Arcade-Skins für 28 Dollar – und ein Gesamtpaket für 70 Dollar
Der Finisher ist dabei keineswegs ein Ausreißer, sondern reiht sich in ein größeres Muster ein, das viele Spieler seit dem Start in der frühen Zugriffsphase im Oktober 2025 beobachten. Die Veröffentlichung der Arcade-Skin-Reihe stieß auf ähnlich scharfe Kritik: Einzelne Kostüme erreichen Preise von umgerechnet bis zu 28 Dollar, während das dazugehörige Gesamtpaket für 7.950 KO-Punkte angeboten wird – wer das kaufen möchte, muss mindestens 70 Dollar auf den Tisch legen. Im Subreddit häufen sich Stimmen, die nicht nur einzelne Preise, sondern die gesamte Preisstrategie anprangern. Sogar der spielinterne Schlachtpass wird von mehreren Spielern als nicht kaufenswert eingestuft. Vergleiche mit Valorant, Riots eigenem Taktikshooter, tauchen dabei regelmäßig auf – einem Spiel, das für seine besonders hochpreisige Kosmetik bereits bekannt ist und nun offenbar als Maßstab für 2XKO dient.
Riot versucht gegenzusteuern – doch reicht das?

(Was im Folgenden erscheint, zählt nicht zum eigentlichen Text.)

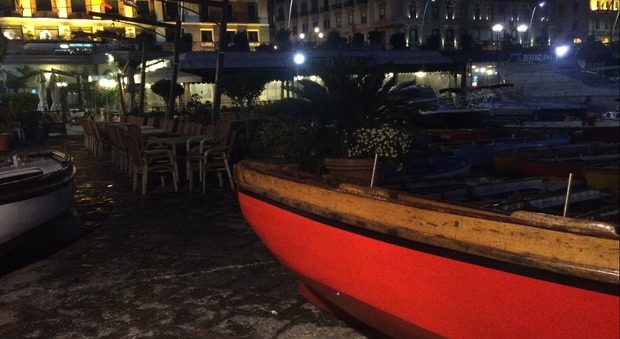 Napoli, controlli ambientali della Polizia Municpale: sanzionate trenta attività commerciali al borgo marinari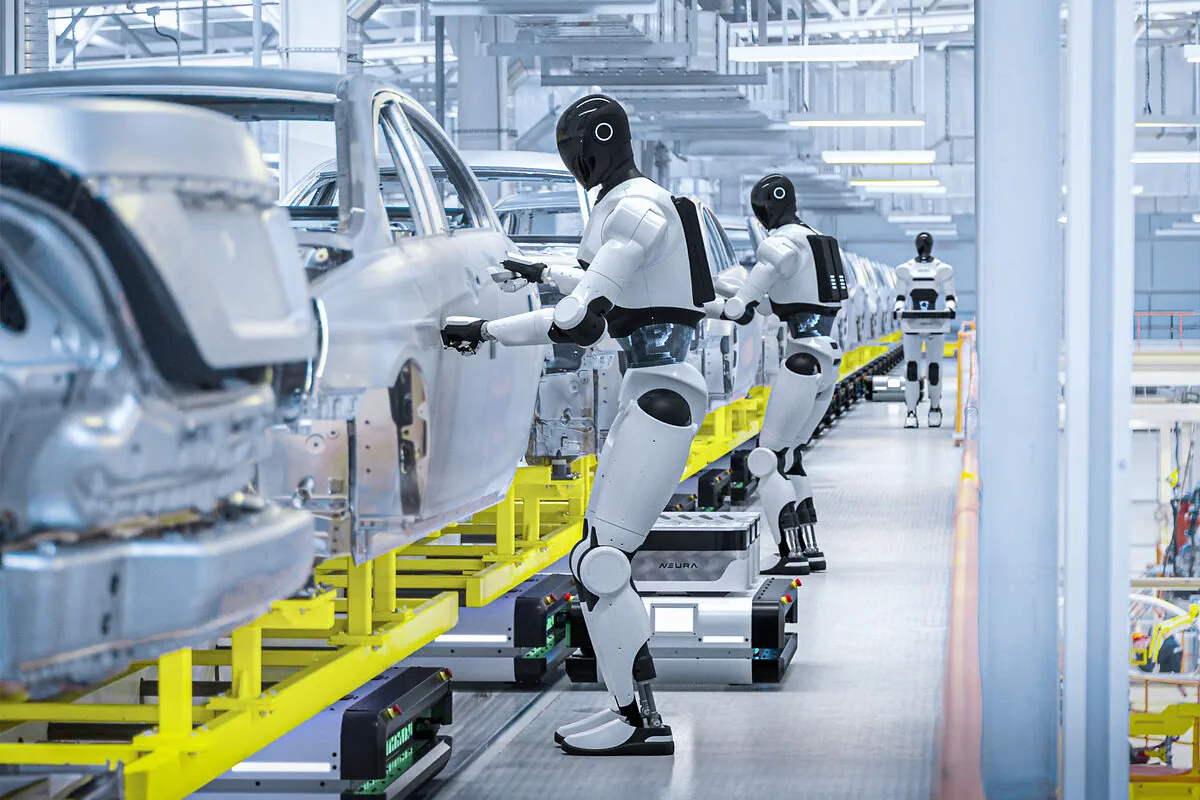 Neura Serie C - humanoider Roboter in Autofabrik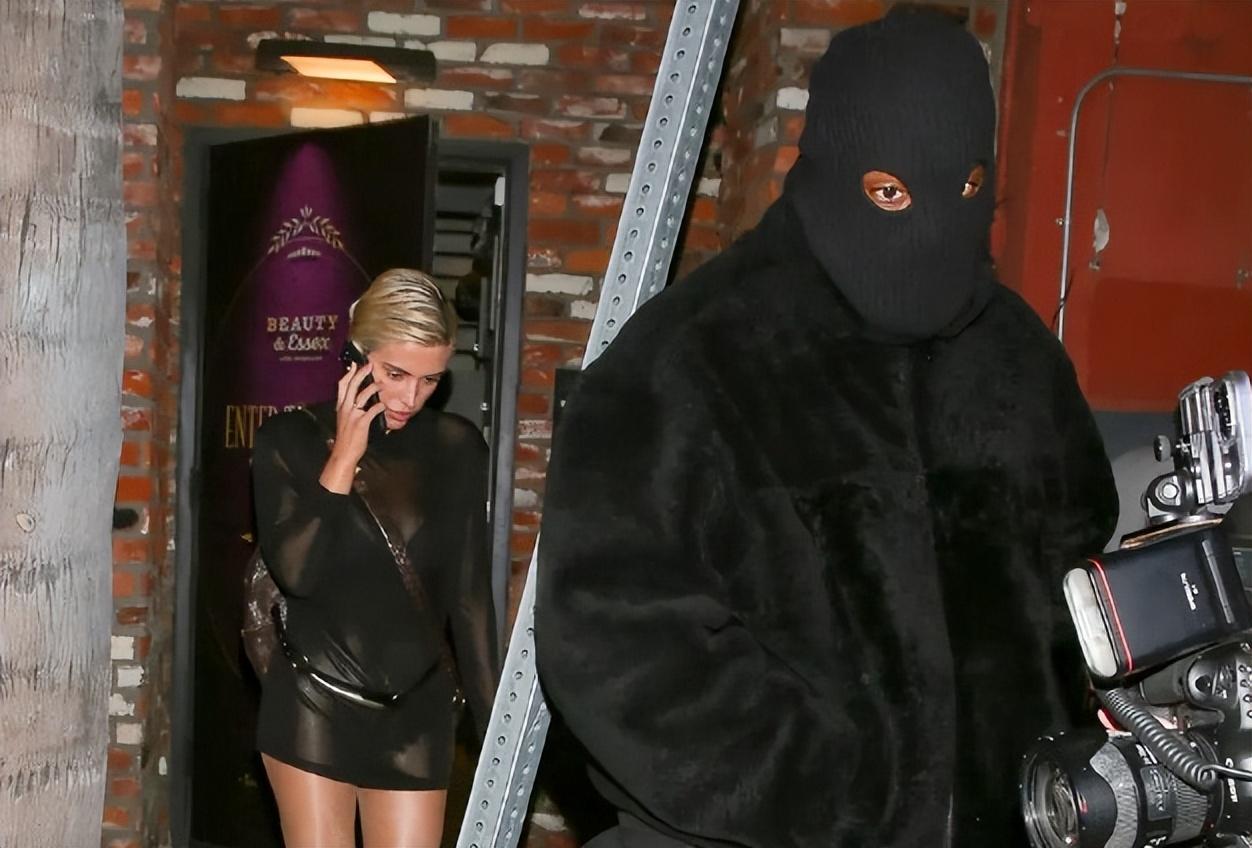 金·卡戴珊|近乎赤身！侃爷新老婆亮相，穿透视衣秀傲人身材，韵味不输卡戴珊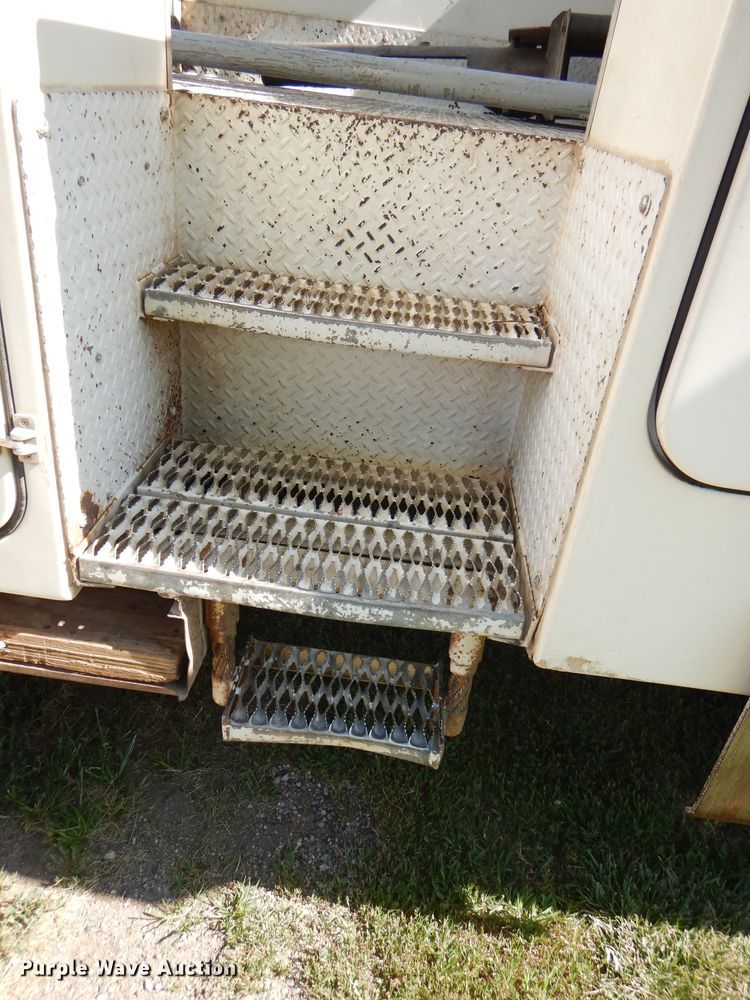 image for item DG4785 1994 Chevrolet Kodiak C6500 bucket truck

Trotz der anhaltenden Kritik zeigt Riot Games zumindest Ansätze, das Steuer herumzureißen. Ein offizieller Beitrag des 2XKO-Teams kündigte mehrere Neuerungen an, darunter einen lokalen Duo-Modus, der es Spielern erlaubt, gemeinsam von derselben Konsole aus in Warteschlangen einzutreten. Darüber hinaus wurden zwei neue Kämpfer für den Kader bestätigt: Akali und Senna aus League of Legends sollen in absehbarer Zeit ihren Einzug halten – beides Figuren, die in der Gemeinschaft seit langem heiß ersehnt werden. Ob diese Ankündigungen ausreichen, um das angeknackste Vertrauen zurückzugewinnen, bleibt jedoch fraglich. 2XKO kämpft nicht nur mit Preisskandalchen, sondern mit einem grundlegenden Glaubwürdigkeitsproblem: Wenn ein kostenloses Spiel das Gefühl vermittelt, bei jedem Schritt zur Kasse gebeten zu werden, schreckt das genau die Spieler ab, die es am nötigsten braucht.